Some SQL Server disasters cannot be prevented, so it is important to prepare a complete disaster recovery plan (DRP) to ensure minimal impact on service and data availability.

An effective disaster recovery plan should comprise:

Identify disaster recovery objectives
IT architecture and resources plan
Backup plan
Recovery plan

Developing the plan requires collaboration with the IT team, application champions (administrators, power users) and recovery experts.

NOTE: If you have limited time and resource to define the strategy, you can consider third-party products and services for assistance.

Identify disaster recovery objectives

The plan starts with identifying disaster recovery objectives. This includes the business aspect of the system. You might want to consider the value of the PME system and the data it contains:

What is the business cost of one day of downtime, both explicit and implied?
What would be the result if an hour’s, day's or month's worth of analysis, reporting, alarming and data were lost?
What would be the result of a complete loss of the PME system?

If your system is not critical, you may decide the best strategy is a simple one where a new PME system is redeployed in the event of a disaster and device data is re-imported and you experience potentially irrelevant historical data loss. If your system is critical, you may develop a plan for a quick recovery with minimal data loss.

You must set a written expectation of what constitutes an acceptable loss. Consider the following questions:

What is an acceptable level of data loss in your PME systems?

The answer to this question determines the Recovery Point Objective (RPO) objective. It is the maximum amount of recent data the business can lose when a disaster strikes. It helps to measure how much time can occur between your last data backup and the disaster without causing serious damage to your business. RPO is used to determine how often to perform data backups.

For example, your backup schedule is set to daily at midnight and a disaster occurs at 8 AM. At the point of the disaster, you would have lost 8 hours’ worth of data. If your RPO is one day of data then the loss of the last 8 hours of data is not an issue. However, if your RPO is one hour of data, then you must revise your backup schedule to at least one backup per hour.
What is an acceptable recovery time?

The answer to this question determines the Recovery Time Objective (RTO) objective. It is the amount of time the business can survive without the system after a disaster and before operations are restored to normal. It determines how quickly you need to recover the PME system after a disaster.

For example, if your RTO is 24 hours, you can wait up to 24 hours before the system must be available to users. If data and infrastructure are not recovered within 24 hours, the business might be impacted.
What level of disaster should we be prepared for?

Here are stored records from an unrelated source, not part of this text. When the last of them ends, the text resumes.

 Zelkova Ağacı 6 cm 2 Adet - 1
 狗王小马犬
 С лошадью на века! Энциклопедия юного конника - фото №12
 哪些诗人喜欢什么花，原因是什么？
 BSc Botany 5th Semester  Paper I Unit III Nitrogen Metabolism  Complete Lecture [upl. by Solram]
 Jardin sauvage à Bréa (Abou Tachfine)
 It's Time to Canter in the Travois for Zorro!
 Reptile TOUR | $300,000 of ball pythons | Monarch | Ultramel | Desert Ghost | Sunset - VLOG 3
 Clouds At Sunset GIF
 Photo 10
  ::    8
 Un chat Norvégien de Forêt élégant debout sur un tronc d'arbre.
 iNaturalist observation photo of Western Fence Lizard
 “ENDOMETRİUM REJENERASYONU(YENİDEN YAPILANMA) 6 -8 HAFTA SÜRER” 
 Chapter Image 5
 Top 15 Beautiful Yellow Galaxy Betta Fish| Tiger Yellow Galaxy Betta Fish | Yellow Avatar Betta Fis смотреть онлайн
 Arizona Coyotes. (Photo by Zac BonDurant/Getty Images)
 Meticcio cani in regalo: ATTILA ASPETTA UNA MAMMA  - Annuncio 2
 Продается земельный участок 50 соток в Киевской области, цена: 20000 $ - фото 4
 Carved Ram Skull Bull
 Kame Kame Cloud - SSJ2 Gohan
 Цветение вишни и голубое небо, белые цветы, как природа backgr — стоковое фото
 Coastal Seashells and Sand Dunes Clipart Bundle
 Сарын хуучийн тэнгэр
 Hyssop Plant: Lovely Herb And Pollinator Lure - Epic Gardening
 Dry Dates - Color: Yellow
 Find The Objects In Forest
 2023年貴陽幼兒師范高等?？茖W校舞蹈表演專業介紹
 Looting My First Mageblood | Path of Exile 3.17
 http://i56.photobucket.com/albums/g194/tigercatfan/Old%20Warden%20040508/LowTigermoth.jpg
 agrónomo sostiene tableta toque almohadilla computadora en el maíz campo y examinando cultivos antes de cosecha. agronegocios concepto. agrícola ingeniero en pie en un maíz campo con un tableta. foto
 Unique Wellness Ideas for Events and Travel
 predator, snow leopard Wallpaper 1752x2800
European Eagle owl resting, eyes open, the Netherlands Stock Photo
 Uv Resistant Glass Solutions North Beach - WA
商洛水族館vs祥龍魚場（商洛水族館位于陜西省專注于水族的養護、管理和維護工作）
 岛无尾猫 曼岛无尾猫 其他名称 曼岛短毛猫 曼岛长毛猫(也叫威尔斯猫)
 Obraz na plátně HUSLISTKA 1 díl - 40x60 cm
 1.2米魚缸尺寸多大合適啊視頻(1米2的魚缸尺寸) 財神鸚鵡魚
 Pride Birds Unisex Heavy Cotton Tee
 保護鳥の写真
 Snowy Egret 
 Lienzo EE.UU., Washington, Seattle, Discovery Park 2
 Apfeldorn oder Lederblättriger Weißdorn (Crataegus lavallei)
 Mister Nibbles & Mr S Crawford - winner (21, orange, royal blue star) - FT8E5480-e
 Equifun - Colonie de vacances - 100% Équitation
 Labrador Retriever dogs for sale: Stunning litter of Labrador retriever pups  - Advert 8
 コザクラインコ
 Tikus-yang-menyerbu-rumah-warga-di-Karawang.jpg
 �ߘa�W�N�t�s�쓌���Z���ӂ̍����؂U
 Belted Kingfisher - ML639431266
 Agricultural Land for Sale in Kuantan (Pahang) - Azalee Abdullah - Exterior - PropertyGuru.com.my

Identify the possible disasters that could affect your PME system and the level of impact of each disaster. For example: If your PME system is an on-premise solution, you should prepare for disasters such as power loss, fire, flood, etc. If your PME system is hosted on off-site servers in a data center, prepare for natural disasters but with low priority compared to cybersecurity risks.

IT architecture and resources plan

It is important to design the IT architecture so you can allocate the necessary hardware and networking resources in support of optimal performance and disaster recovery. Maintenance and backup activities often require additional resources (CPU, RAM and hard drive space) to perform and complete the activity. You can also prevent disasters using additional hardware. The recommended best practices are as follows:

Hard drive space allocation

Ensure there is enough hard drive space to perform backup operations and take at least two backup files. The spare hard drives can ensure minimal rebuild time. RAID arrays (commonly used on all PME systems) can protect against disk damages. See Storage Performance and Availability for recommended hard drive sizing.
Backup power

UPS systems and redundant power supplies to servers can prevent server power interruption.
Connection redundancy

If available, redundant data links can protect critical data transmission when the communication cannot be established in the network.
Standby servers

With supporting infrastructure and cost, standby servers can provide another set of hardware that can replace the PME system hardware in the event of an inoperative server. This approach is valuable when PME is a critical system.

Backup plan

Creating backups are a key part of every PME deployment. A backup solution unique to the PME deployment can be created based on the recovery objectives, the PME system, and available IT resources. The backup plan should comprise:

Components backup
Backup frequency
Storage and retention of backup
Test the backup

Once you have a strategy with details, document the details and supporting processes. Whenever a system or process change occurs, review and update this document. Store the document outside of the PME server.

Components backup

The following table contains the components of a standard PME system that must be considered for backup:

Component	Name	Description
PME Database	ION_Network	Sometimes called the NOM (Network Object Model), the ION_Network database stores device information, such as, device name, device type and connection address (for example, IP address and TCP/IP port or device/Modbus ID). It also contains information about the optional Application Module settings, other ION Servers, Sites, Dial Out Modems, and Connection Schedules. There is only one ION_Network per system
PMEDatabase	Application Module	The Application_Modules database contains configuration settings (for example, layouts, colors, application events, and so on) and cached historical data for some of the Web Applications (for example, Dashboards and Trends).
PME Database	ION_Data	The ION_Data database contains the historical data, events and waveforms from devices connected to the system. This includes: onboard logging configured on devices; and, PC-based logging configured in the device translators and the Virtual Processors.
PME Database	ION_Data archive	The ION_Data archive databases contain historical data that have been sectioned off from the main ION_Data database.
System Database	master	The master database is the core system database for a SQL Server installation. It contains information such as SQL Server credentials and system configuration settings.
System Database	model	The model database is used as a template for all databases created on the SQL Server instance.
System Database	msdb	The msdb database is used by SQL Server Agent for scheduling alerts and jobs. msdb also contains history tables such as the backup and restore history tables.
PME Files	PME	The application folder is where all the program and configuration files for PME are stored. By default this is “%Program Files%\Schneider Electric\Power Monitoring Expert”
System Files	SQL Server	The SQL Server folder is where all the program and configuration files for SQL Server, SQL Server Reporting Services, and SQL Server Agent are stored. By default, this is “%Program Files%\Microsoft SQL Server”.
System Files	Windows registry	Contains configuration information for the entire server
System and PME Files	Full Server Backup	It is advised to take an image of the entire PME application and database servers (excluding the actual database files – MDF, NDF, and LDF files). This backs up other important configuration information such as service credentials, security policies, and IIS setup. It can be important when simplifying and reducing the time taken for a system recovery.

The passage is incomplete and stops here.